[Collected data]
********************
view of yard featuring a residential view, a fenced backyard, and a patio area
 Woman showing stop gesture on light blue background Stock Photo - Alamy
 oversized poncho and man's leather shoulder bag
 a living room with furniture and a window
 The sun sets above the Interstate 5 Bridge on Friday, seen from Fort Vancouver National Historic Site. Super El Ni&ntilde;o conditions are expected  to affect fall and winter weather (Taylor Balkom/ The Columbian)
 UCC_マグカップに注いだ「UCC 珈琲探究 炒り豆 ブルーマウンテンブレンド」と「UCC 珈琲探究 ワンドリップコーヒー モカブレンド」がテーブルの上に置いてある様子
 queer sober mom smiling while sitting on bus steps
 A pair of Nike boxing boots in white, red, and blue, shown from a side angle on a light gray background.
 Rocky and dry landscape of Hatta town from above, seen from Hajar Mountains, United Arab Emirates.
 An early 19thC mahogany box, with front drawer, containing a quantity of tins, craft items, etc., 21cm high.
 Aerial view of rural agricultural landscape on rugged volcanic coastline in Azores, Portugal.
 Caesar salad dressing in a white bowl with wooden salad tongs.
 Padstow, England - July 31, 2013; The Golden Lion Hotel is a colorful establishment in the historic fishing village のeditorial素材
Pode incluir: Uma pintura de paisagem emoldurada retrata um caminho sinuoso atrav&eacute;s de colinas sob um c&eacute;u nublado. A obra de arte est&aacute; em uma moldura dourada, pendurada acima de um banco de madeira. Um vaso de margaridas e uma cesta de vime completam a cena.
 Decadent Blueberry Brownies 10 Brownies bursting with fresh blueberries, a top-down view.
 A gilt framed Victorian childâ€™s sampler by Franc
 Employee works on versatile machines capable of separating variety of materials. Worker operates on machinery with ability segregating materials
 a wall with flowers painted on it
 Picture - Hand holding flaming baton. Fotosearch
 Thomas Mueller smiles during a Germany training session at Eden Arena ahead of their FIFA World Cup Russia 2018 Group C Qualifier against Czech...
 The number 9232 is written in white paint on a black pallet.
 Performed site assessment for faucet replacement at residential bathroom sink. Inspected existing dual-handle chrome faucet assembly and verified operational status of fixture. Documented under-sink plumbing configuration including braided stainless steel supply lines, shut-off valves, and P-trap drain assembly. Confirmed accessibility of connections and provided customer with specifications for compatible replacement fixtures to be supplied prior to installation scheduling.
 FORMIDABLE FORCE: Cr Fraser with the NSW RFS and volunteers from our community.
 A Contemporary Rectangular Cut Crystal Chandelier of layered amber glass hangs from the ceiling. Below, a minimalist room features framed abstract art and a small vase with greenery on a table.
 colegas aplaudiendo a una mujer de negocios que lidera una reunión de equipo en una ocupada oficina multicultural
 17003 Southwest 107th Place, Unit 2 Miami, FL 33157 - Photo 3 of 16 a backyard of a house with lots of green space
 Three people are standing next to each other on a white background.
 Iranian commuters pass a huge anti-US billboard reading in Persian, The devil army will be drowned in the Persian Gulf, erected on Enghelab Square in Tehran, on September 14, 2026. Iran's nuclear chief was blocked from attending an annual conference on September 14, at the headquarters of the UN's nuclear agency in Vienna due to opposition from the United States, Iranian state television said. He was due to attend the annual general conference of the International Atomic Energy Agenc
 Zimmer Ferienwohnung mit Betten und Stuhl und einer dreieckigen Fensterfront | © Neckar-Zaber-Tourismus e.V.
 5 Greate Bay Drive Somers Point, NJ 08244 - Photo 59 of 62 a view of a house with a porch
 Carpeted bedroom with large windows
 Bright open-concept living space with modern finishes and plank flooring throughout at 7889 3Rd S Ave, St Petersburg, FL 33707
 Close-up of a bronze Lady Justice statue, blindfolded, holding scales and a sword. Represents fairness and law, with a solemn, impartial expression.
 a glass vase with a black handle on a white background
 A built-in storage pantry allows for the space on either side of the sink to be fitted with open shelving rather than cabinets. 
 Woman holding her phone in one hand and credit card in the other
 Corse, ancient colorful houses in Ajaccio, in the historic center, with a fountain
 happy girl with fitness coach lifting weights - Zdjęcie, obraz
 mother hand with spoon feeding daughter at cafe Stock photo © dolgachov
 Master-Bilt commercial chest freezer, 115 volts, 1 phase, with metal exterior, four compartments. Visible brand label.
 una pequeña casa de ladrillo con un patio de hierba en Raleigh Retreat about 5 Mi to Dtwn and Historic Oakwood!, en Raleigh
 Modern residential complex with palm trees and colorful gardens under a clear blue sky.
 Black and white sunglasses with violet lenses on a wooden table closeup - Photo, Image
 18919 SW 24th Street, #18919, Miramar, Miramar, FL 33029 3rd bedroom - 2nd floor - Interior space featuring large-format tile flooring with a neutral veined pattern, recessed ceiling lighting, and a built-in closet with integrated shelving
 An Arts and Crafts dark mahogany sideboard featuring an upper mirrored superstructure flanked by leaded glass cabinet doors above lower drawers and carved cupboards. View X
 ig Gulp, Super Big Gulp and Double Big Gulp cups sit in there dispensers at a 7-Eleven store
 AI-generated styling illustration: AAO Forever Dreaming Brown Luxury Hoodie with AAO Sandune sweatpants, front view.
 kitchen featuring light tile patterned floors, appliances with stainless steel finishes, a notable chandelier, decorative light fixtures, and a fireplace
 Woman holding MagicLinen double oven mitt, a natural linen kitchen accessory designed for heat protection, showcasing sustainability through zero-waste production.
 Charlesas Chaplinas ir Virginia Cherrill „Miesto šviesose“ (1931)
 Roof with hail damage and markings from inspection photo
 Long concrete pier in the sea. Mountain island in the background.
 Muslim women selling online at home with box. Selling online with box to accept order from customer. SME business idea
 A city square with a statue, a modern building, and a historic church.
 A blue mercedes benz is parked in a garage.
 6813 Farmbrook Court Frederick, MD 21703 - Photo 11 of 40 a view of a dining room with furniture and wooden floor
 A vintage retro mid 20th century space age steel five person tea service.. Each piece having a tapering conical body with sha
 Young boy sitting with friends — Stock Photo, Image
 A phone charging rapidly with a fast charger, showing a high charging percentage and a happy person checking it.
********************
→ ABOUT THIS EXERCISE
The output should be exactly the lines above from the line containing "Woman holding her" to the line containing "An Arts and", inclusive, with no other lines.

→ OUTPUT BELOW
 Woman holding her phone in one hand and credit card in the other
 Corse, ancient colorful houses in Ajaccio, in the historic center, with a fountain
 happy girl with fitness coach lifting weights - Zdjęcie, obraz
 mother hand with spoon feeding daughter at cafe Stock photo © dolgachov
 Master-Bilt commercial chest freezer, 115 volts, 1 phase, with metal exterior, four compartments. Visible brand label.
 una pequeña casa de ladrillo con un patio de hierba en Raleigh Retreat about 5 Mi to Dtwn and Historic Oakwood!, en Raleigh
 Modern residential complex with palm trees and colorful gardens under a clear blue sky.
 Black and white sunglasses with violet lenses on a wooden table closeup - Photo, Image
 18919 SW 24th Street, #18919, Miramar, Miramar, FL 33029 3rd bedroom - 2nd floor - Interior space featuring large-format tile flooring with a neutral veined pattern, recessed ceiling lighting, and a built-in closet with integrated shelving
 An Arts and Crafts dark mahogany sideboard featuring an upper mirrored superstructure flanked by leaded glass cabinet doors above lower drawers and carved cupboards. View X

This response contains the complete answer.